A quick couple phone calls to a nearby uncle and in short order we have in our possession one of those hair spray temporary color cans. Red. Just spray it on and not only do you have red hair, but every single thing you lean against is red as well!

My daughter has always leaned more toward outdoorsy pursuits, getting her hair muddy as she studies tadpoles for example. But Theatre Camp has provided a new and surprising sort of challenge. Words, and song. The fact that it’s the Little Mermaid helps, but memorization is a different sort of pursuit than, say, fishing or hiking. Putting on a half-hour theatrical show with a dozen second- and third-graders, and doing it in one week, seems to me, to be far more challenging.

But she dug in. The other day I found her splayed over her bed, her head hanging down, dialogue sheets on the floor.

“What are you doing,” I asked.

“Learning my lines,” she said. Ok, then.

She has always been, how can I put this, theatrical. She can learn quickly as well, if it’s really something she wants. She can’t get into the car in the morning in under five hours, but she can learn ten pages of dialogue, apparently, in less than a week.

But in a way, she’s uniquely suited for theatre. Being on stage is about being comfortable with exposure, and overcoming that wave of embarrassment if you make a mistake. Standing up in front of a crowd offers very little cover.
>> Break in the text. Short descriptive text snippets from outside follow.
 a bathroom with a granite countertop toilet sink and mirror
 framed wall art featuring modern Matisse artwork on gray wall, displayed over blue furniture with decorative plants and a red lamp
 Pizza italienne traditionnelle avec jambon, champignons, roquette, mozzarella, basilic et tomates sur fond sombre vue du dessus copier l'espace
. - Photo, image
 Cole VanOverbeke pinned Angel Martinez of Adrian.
You must be you to succeed. Fortunately, at least so far, she appears to be unable to become embarrassed.

The next day, after a few morning minutes in our driveway spraying red chemicals on her head, I find myself sitting at the tail end of a row of high, plastic chairs set up for parents of kids in the show. I’m the only dad in a sea of moms. The basement of the YMCA is chaos, as all the other camps and classes have also come to watch the show. Little Bean’s class has designed an undersea background of blue, and councilors squat in front of the stage waving a ribbon of blue paper matchet to emulate rippling water.

The councilors have shortened the musical of course, but all the beats are there; introducing the sisters, Ariel and Flounder and Sebastian, the shipwreck, the conflict with her father. You all know how this goes.
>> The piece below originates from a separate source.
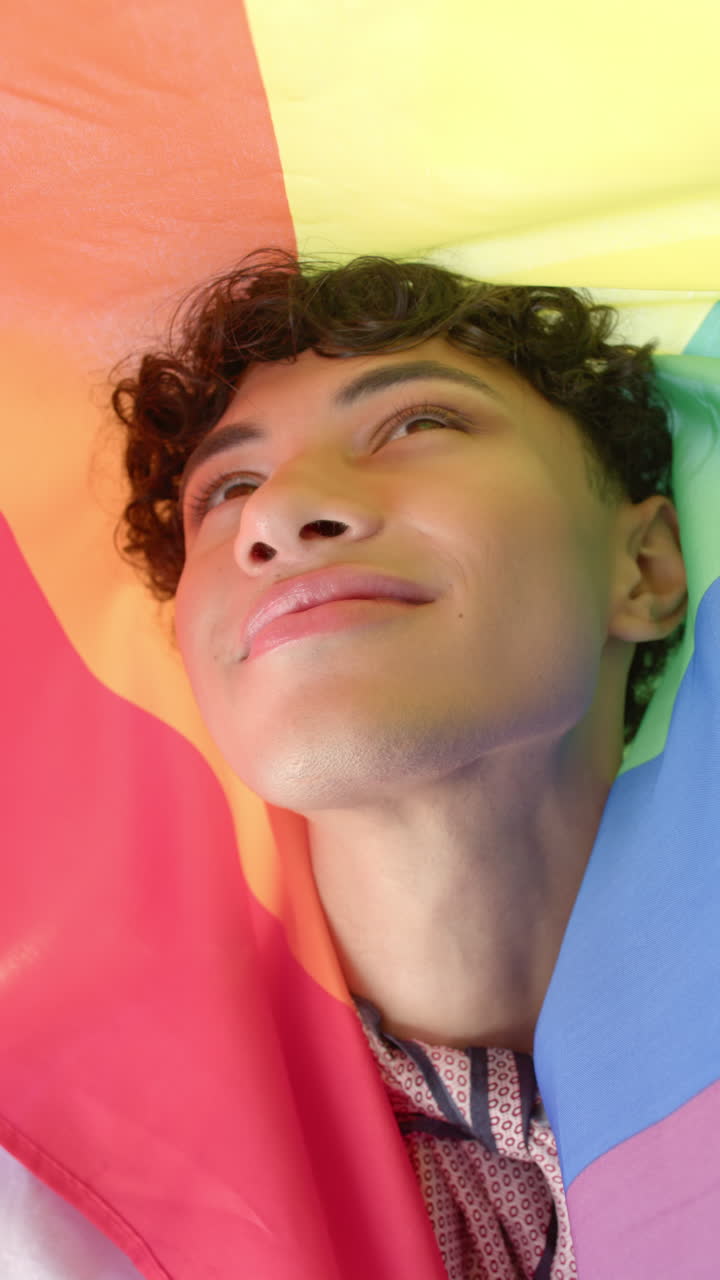 Vertical video: Smiling person wrapped in rainbow flag, embracing pride and joy at home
And Little Bean, as it turns out, DID memorize her lines, and didn’t even need much off-stage prompting when it came to her little dance numbers.

The young crowd laughed and interrupted. The parents cheered. The whole production was duly adorable in every way. And we sat through the ritual of children’s theatre that parents and their kids have been sitting through forever.

We watch and listen and we hear echoes of the baby girl she once was, and we’re reminded of the young woman she’s going to become. I swallowed hard, in fact, when my Ariel professed her love for Prince Eric.

“Guess you’re King Triton,” one of the mothers quipped.

Even the most trifling moments can provide clarity. Even in the old basement of a downtown YMCA surrounded by foosball and craft tables, we can find small, hidden revelations. Someday, it’ll all be part of your world.